Fortunately, something comes to her aid. The muff referred to in the continuation of the sentence is an object that by this point in the novel has taken on a sexual double entendre. Literally, it is Sophia’s muff that she discovers Tom that has caressed. But it also hints at Sophia’s sexuality, and it is her very earthly love of Tom that saves her from the masochism that has been masquerading as a higher spirituality. Here’s the entire passage:

Sophia was charmed with the contemplation of so heroic an action, and began to compliment herself with much premature flattery, when Cupid, who lay hid in her muff, suddenly crept out, and like Punchinello in a puppet-show, kicked all out before him. In truth (for we scorn to deceive our reader, or to vindicate the character of our heroine by ascribing her actions to supernatural impulse) the thoughts of her beloved Jones, and some hopes (however distant) in which he was very particularly concerned, immediately destroyed all which filial love, piety, and pride had, with their joint endeavors, been laboring to bring about.

I mentioned that Sophia’s saving impulse is not traditionally associated with Christianity. What we see here is love and sexual desire combining to bring Sophia to her senses. For Fielding, there is something practically holy about this life force and, for that matter, something holy about comedy, including comic Punch and Judy shows. He is suspicious of bloodless Christianity, which he regards as not true Christianity. He sees comedy as a way of jerking the rug out from under pious hypocrites.

Literary scholar Martin C. Battestin years ago saw Tom Jones as a novel about a generous and lusty hero who lives life to the fullest but who, in order to grow to manhood, must learn to temper his full-throated love of life with worldly and spiritual wisdom–which is to say, with prudence and (roll of drums) sophia, the Greek word for higher wisdom. His attainment of Sophia by the end of the novel is a sign that he has arrived.

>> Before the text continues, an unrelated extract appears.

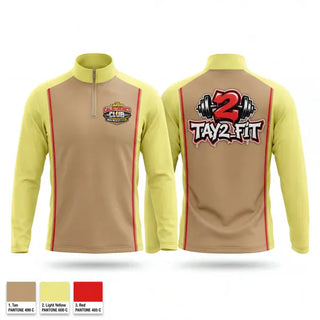 Quarter Zip Jacket, The Cardio Calisthenics Club, E-Sports, Teamtime, Team time, sublimation, custom sports apparel, team uniforms, spirit wear, spiritwear, sports uniforms, custom shirts, team store, custom team store, fundraiser sports, apparel fundraiser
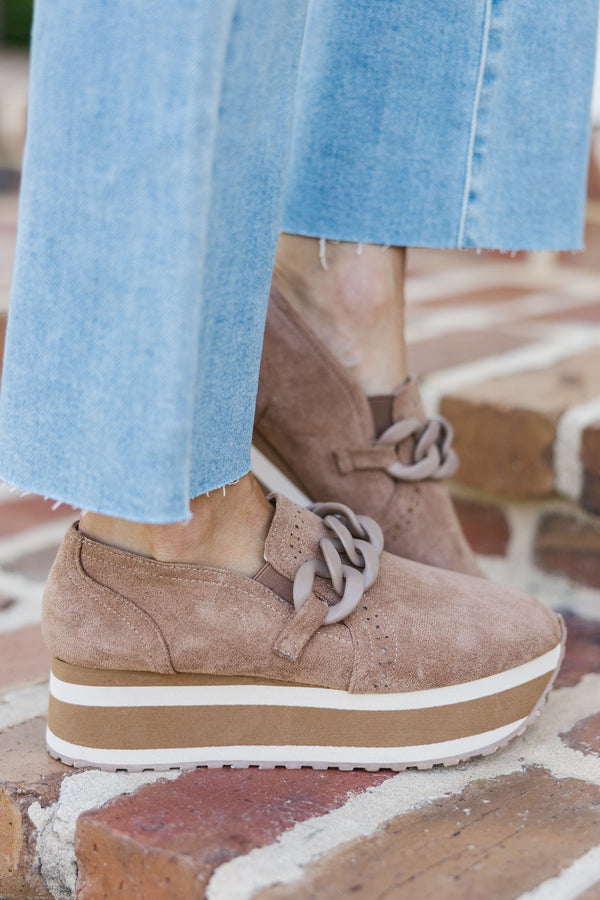 Stay On Course Brown Sneakers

Fielding doesn’t explore Sophia’s growth in quite such detail but, in attaining Tom at the end of the novel, she has rounded out her angelic nature with earthy engagement with the world. The novel quickly notes that they go on to have two children.

It’s a wholesome vision and one of the reasons why Tom Jones is one of my favorite novels. He’s preaching a Christianity that I can believe in.